用python读取二进制文件

Question

I find particularly difficult reading binary file with Python.我发现用 Python 读取二进制文件特别困难。 Can you give me a hand?你能帮我个忙吗？ I need to read this file, which in Fortran 90 is easily read by我需要阅读这个文件，它在 Fortran 90 中很容易被阅读

int*4 n_particles, n_groups
real*4 group_id(n_particles)
read (*) n_particles, n_groups
read (*) (group_id(j),j=1,n_particles)

In detail, the file format is:详细来说，文件格式为：

Bytes 1-4 -- The integer 8.
Bytes 5-8 -- The number of particles, N.
Bytes 9-12 -- The number of groups.
Bytes 13-16 -- The integer 8.
Bytes 17-20 -- The integer 4*N.
Next many bytes -- The group ID numbers for all the particles.
Last 4 bytes -- The integer 4*N.

How can I read this with Python?我如何用 Python 读取它？ I tried everything but it never worked.我尝试了一切，但从未奏效。 Is there any chance I might use a f90 program in python, reading this binary file and then save the data that I need to use?我有没有可能在 python 中使用 f90 程序，读取这个二进制文件，然后保存我需要使用的数据？

Answer 1

Read the binary file content like this:像这样读取二进制文件内容：

with open(fileName, mode='rb') as file: # b is important -> binary
    fileContent = file.read()

then "unpack" binary data using struct.unpack :然后使用struct.unpack “解压”二进制数据：

The start bytes: struct.unpack("iiiii", fileContent[:20])起始字节： struct.unpack("iiiii", fileContent[:20])

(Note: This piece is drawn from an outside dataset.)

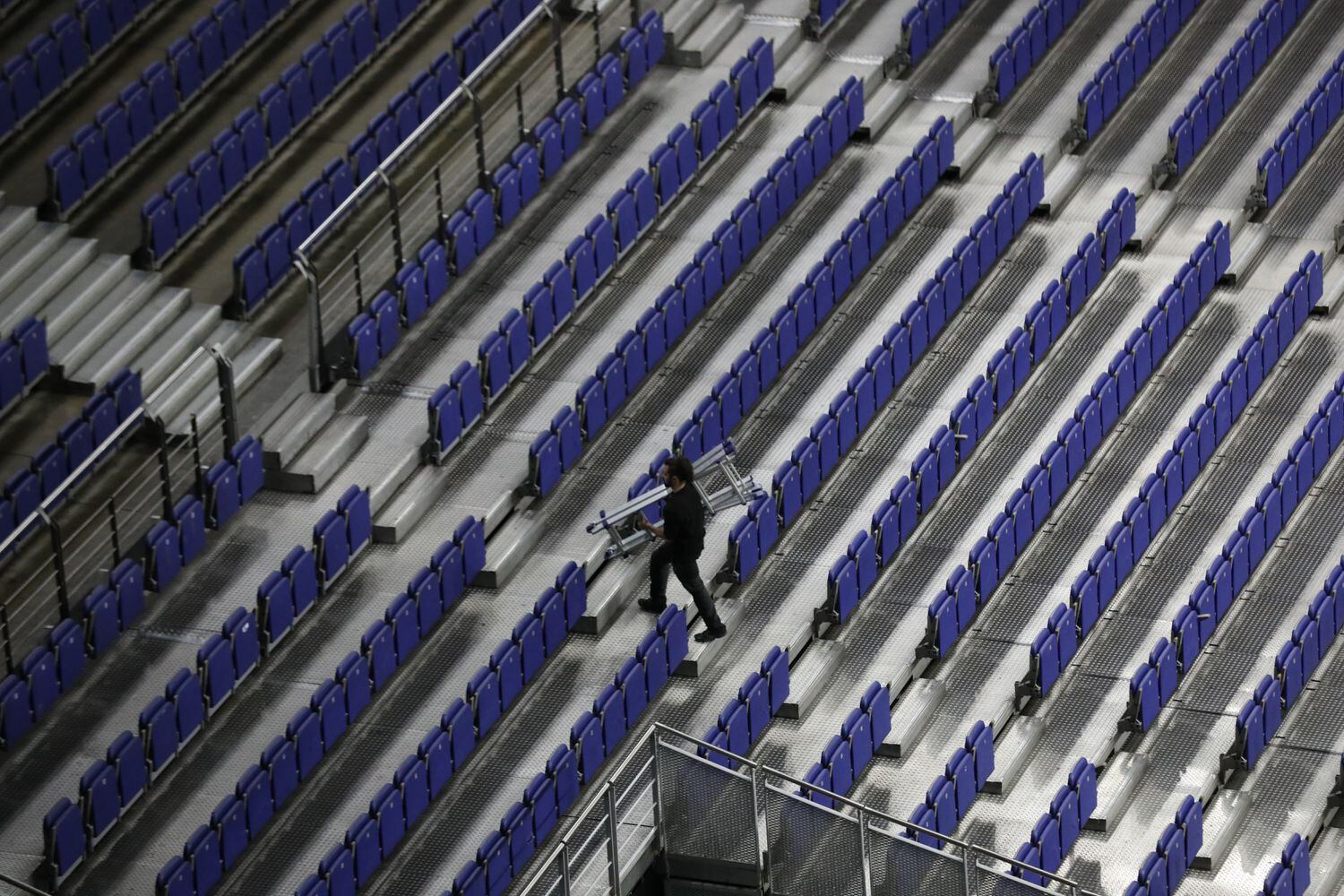 Miembros del staff caminan por la gradas e instalaciones del WiZink Center de Madrid.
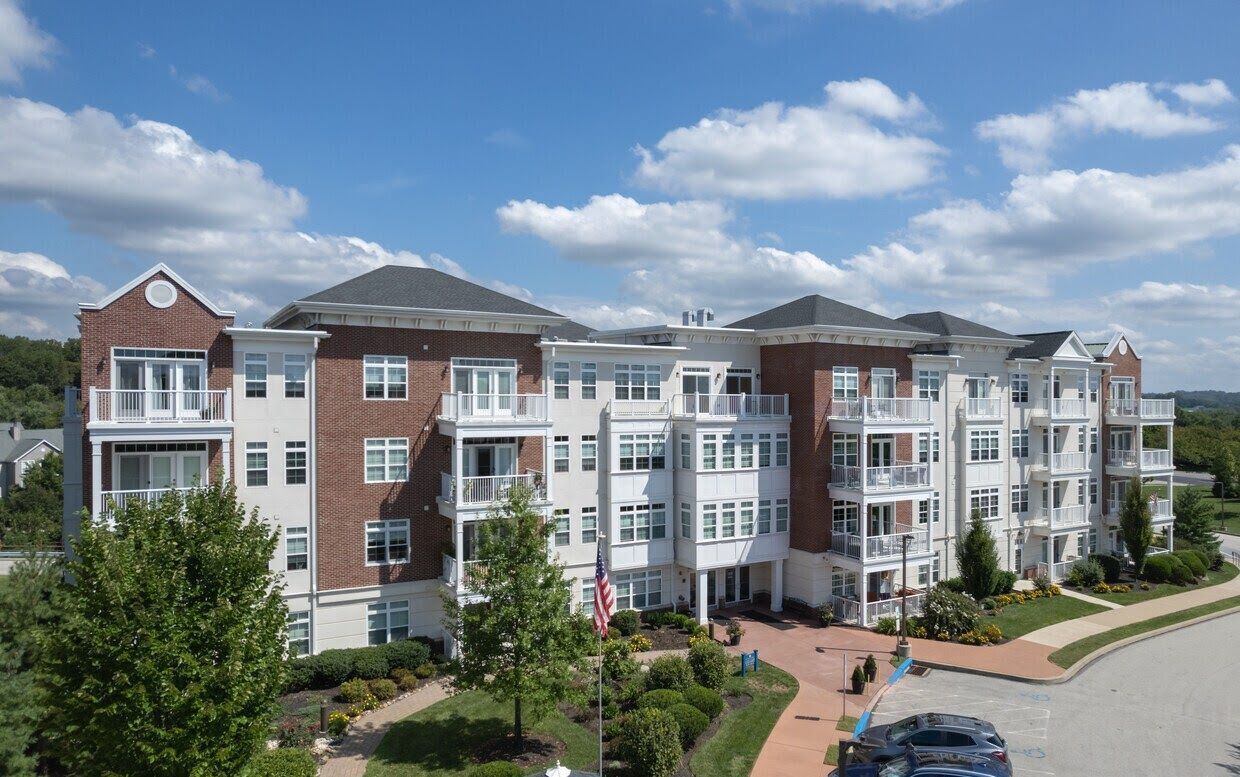 An aerial view of a large apartment building with cars parked in front of it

The body: ignore the heading bytes and the trailing byte (= 24);正文：忽略标题字节和尾随字节（= 24）； The remaining part forms the body, to know the number of bytes in the body do an integer division by 4;剩下的部分构成正文，要知道正文中的字节数，进行整数除以 4； The obtained quotient is multiplied by the string 'i' to create the correct format for the unpack method:获得的商乘以字符串'i'以创建 unpack 方法的正确格式：

struct.unpack("i" * ((len(fileContent) -24) // 4), fileContent[20:-4])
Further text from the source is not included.